2024 Ivy League men's basketball tournament
- Champions: Yale
- Runners-up: Cornell

Basketball seasons
- 2023–242025–26

= 2024–25 Ivy League men's basketball season =

The 2024–25 Ivy League men's basketball season marked the continuation of the annual tradition of competitive basketball among Ivy League members. The tradition began when the league was formed during the 1956–57 season and its history extends to the predecessor Eastern Intercollegiate Basketball League, which was formed in 1902.
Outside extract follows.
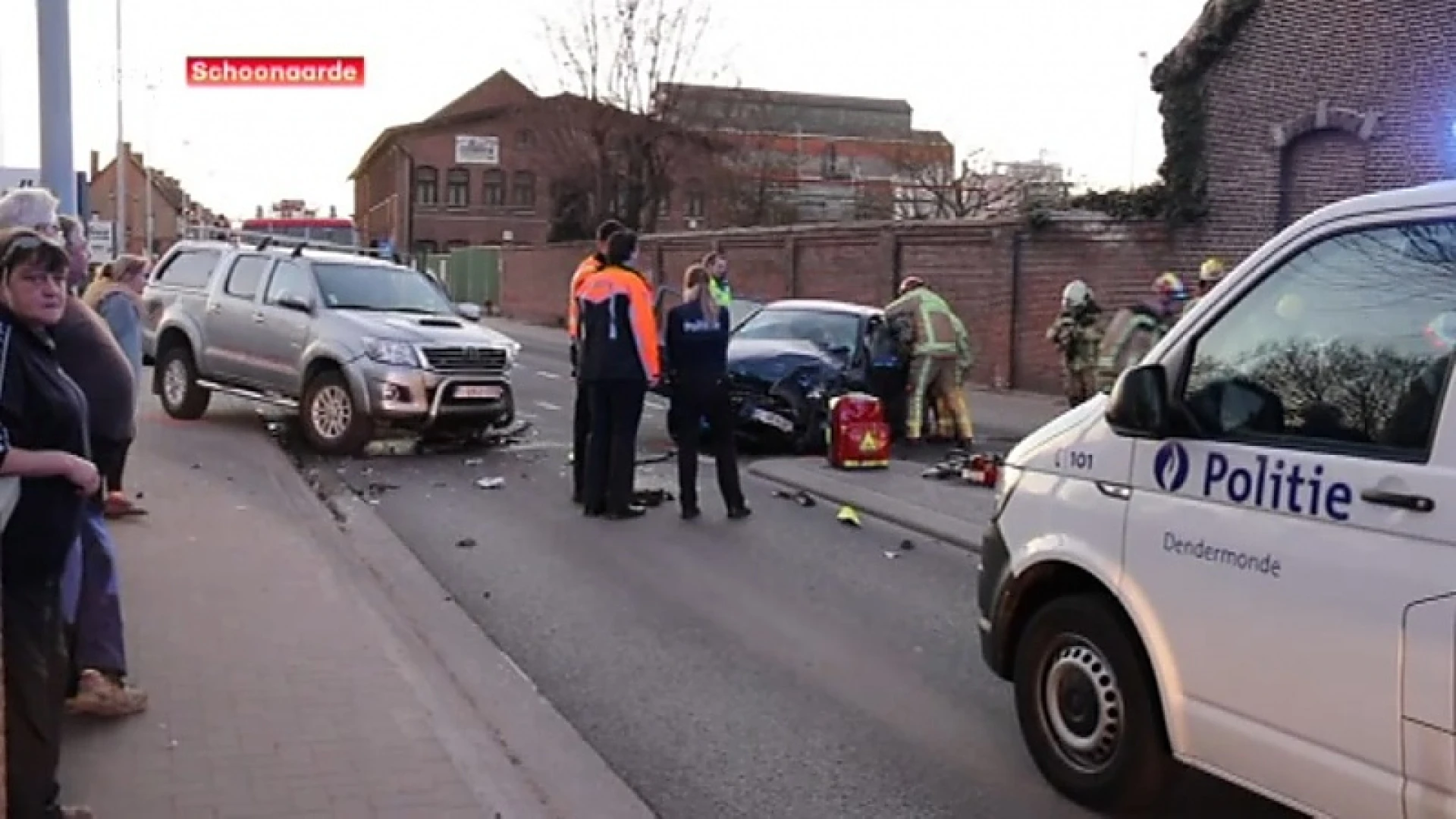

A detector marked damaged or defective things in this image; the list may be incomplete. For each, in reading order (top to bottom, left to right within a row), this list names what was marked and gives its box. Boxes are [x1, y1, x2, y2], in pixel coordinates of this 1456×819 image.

damaged toyota pickup [141, 238, 522, 455]
crashed dark sedan [655, 296, 904, 455]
Yale earned the league title after finishing the regular season a league-best 13–1. In the 2025 "Ivy Madness," the Ivy League's basketball tournament, Yale defeated fourth-seed Princeton 59–57 in the semifinals before defeating second-seed Cornell 90–84 to clinch the Ivy League's autobid to the 2025 NCAA Men's Division I Basketball Tournament. This was the first time Yale secured back-to-back Ivy Madness championships. Yale lost Texas A&M 80–71 in the first round of the tournament.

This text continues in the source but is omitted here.